● **DATA EXTRACT**:
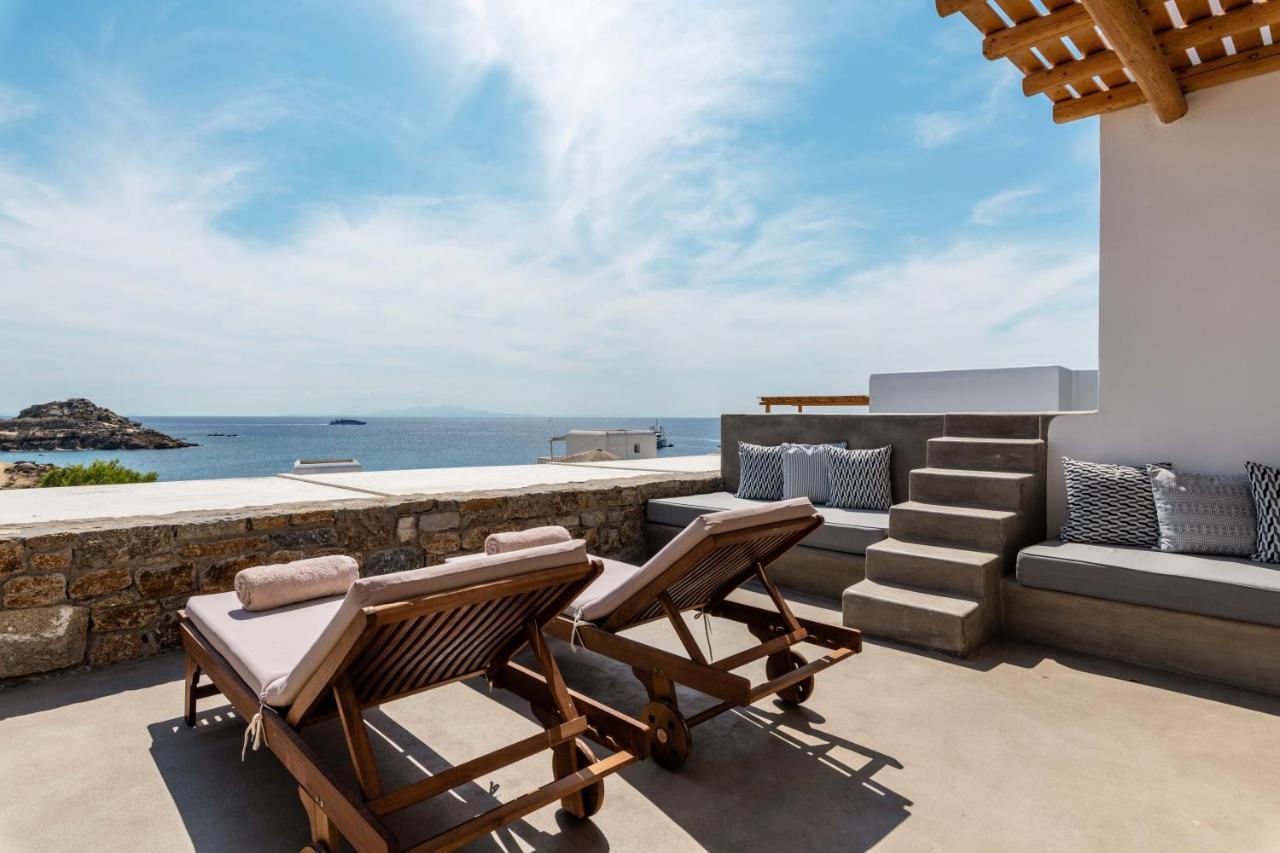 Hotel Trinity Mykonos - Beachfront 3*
---
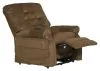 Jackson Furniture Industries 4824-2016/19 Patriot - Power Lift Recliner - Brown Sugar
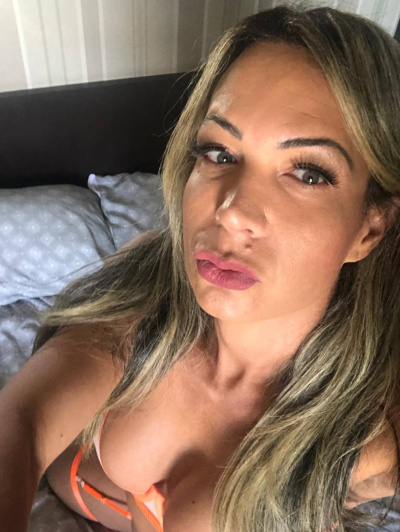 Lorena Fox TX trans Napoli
==
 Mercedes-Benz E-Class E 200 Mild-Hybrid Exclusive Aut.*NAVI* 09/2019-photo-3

● **EXERCISE INSTRUCTIONS**: Copy the entries above exactly, but only the stretch from the line containing "Jackson Furniture Industries" through the line containing "Lorena Fox TX trans Napoli". Keep both end lines; drop the pictures.

● **SOLVED PROBLEM**:
 Jackson Furniture Industries 4824-2016/19 Patriot - Power Lift Recliner - Brown Sugar
 Lorena Fox TX trans Napoli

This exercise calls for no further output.